Championed by creative producer Jeremy Goldstein, the phrase “truth to power” provides a framework for an ongoing series of performances about confronting who or what has control over you. Joined on stage and by video call by a group of eight young people, Goldstein et al. open up about their personal history and innermost thoughts regarding oppression and identity in the 21st century.

The first half of the show focuses upon Goldstein’s father Mick and his lifelong friendship with the ‘Hackney Gang’ – the poet Henry Woolf and esteemed playwright Harold Pinter. But while Goldstein’s segment deals with his father’s frustrated desire to be a writer – the only one of the trio to not pursue a creative passion he had an affinity with, plus living in the shadow of his peers – it is Goldstein’s own relationship with his own father that provides the emotional grist of the evening, a reminder of the importance of reconciliation and the ‘petty’ things that impede such actions.

While not as long as Goldstein’s candid ‘trip down memory lane’, the individual regional contributions (on this occasion from Rotherham) to the second half of the evening give a flavour of the sort of things that young people in the UK face and are concerned about.
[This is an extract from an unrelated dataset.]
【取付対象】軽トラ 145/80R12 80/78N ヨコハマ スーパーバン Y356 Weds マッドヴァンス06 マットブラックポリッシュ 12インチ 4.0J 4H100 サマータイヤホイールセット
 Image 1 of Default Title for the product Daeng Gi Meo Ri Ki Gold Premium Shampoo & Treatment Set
Individual attitudes towards autism, racism, transphobia and obsessive compulsive disorders are explored, as well as negative attitudes that are systemic in nature.
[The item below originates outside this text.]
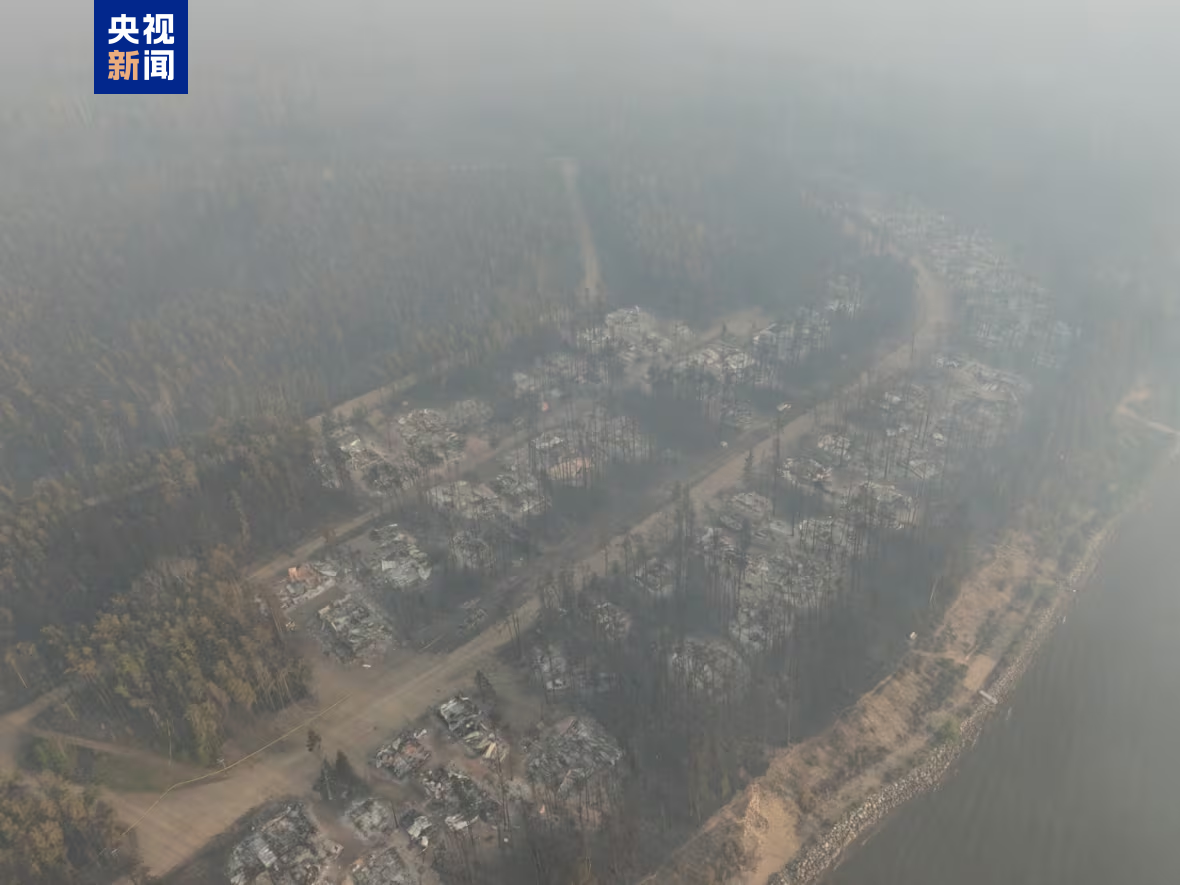 野火烟雾弥漫 加拿大发布空气质量预警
Of all the individual contributions to the evening, it was perhaps the words of Jacob Rhodes who had one of the most profound insights. Most of the things that have power over us – people, friends, family, etc – are all external forces. But sometimes they aren’t our most severest critics… “Would you be friends with someone who speaks to you like you speak to yourself?”
© Michael Davis 2022
Truth To Power Café is an internationally acclaimed performance event – already performed more than 40 times in six countries – and featuring more than 400 participants, many of whom have never been on stage before. After its recent showcase at the Rotherham Civic Theatre (24th and 25th February), it will be performed again at the Lawrence Batley Theatre, Huddersfield on 19th March and at Stanley Arts, South Norwood in London on 27th March.